Thursday, May 29, 2008

Supreme Court reprimands Ziegler

Annette Ziegler damaged the public's confidence in the judiciary by hearing cases while on the Washington County bench involving a bank for which her husband served on the board of directors, the Supreme Court ruled in handing down a public reprimand to the justice.

The court noted previous findings that Ziegler didn't benefit financially from the cases, showed no signs of bias in her decisions and didn't try to conceal her family's relationship to the bank.

But the court still found in its 5-1 decision, with outgoing Justice Louis Butler in dissent, that Ziegler's failure to recuse herself in the 11 cases involved in the complaint filed against her constituted misconduct.

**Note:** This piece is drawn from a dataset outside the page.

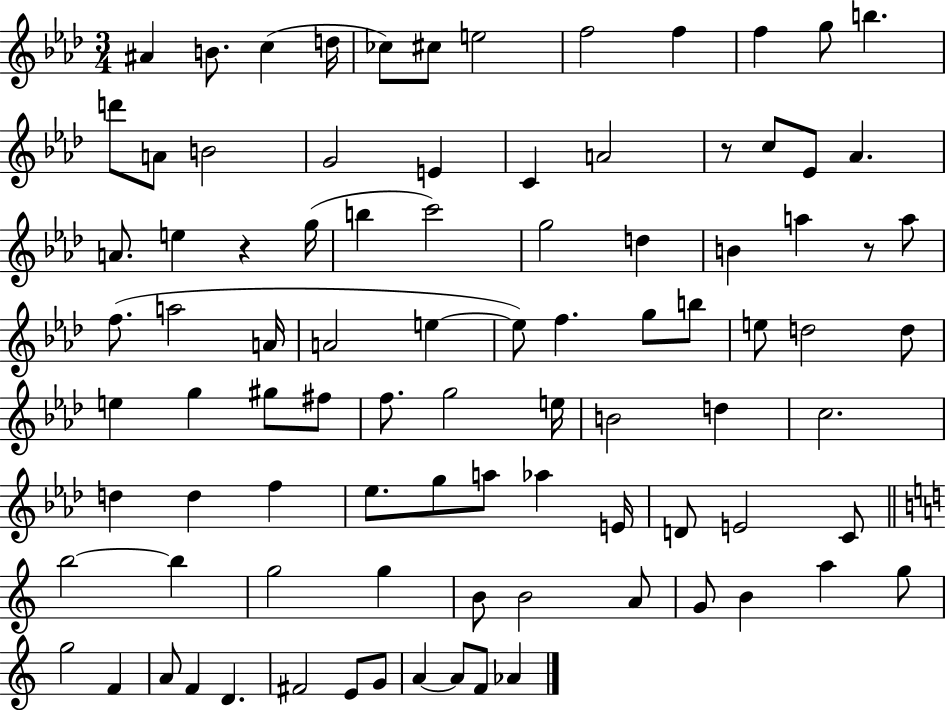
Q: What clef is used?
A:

The justices found the violations were "serious and willful" but also "inadvertent."

It's the first time in state history a sitting justice has been reprimanded by the court.

Read the decision:

"Any discipline less severe than a public reprimand would not adequately convey the gravity with which this court views Judge Ziegler's violation of a bright-line rule of the Code of Judicial Conduct. Any discipline less severe would not comport with fostering public trust and confidence in the judicial system," the justices noted, adding a more severe punishment wasn't needed.

The Judicial Commission and a judicial review panel had recommended the court reprimand Ziegler in the case, and the justice issued a statement today saying she was happy the case was now behind her.

"I am pleased the Supreme Court, the Judicial Conduct Panel and the Wisconsin Judicial Commission have all now confirmed the mistake I made was inadvertent, that neither myself, nor anyone in my family benefited financially from my participation in the cases and the cases were decided as they would have been decided by any other judge," Ziegler said in a statement.

The case began with a complaint the Wisconsin Democracy Campaign filed last year following media reports during the spring election of Ziegler's potential violations of misconduct laws by hearing the cases.

Read Ziegler's statement:

Butler wrote in his dissent he did not disagree with the choice of discipline but the "lack of sufficient evidentiary foundation for that determination."

Butler wrote he would have sent the case back to the judicial review panel for further fact finding.

"I respectfully disagree that at the one-year mark a case has become no longer worthy of ensuring the adequate evidentiary safeguards and factual foundation as required in any other case that comes before us," Butler wrote.

Ziegler didn't participate in the case.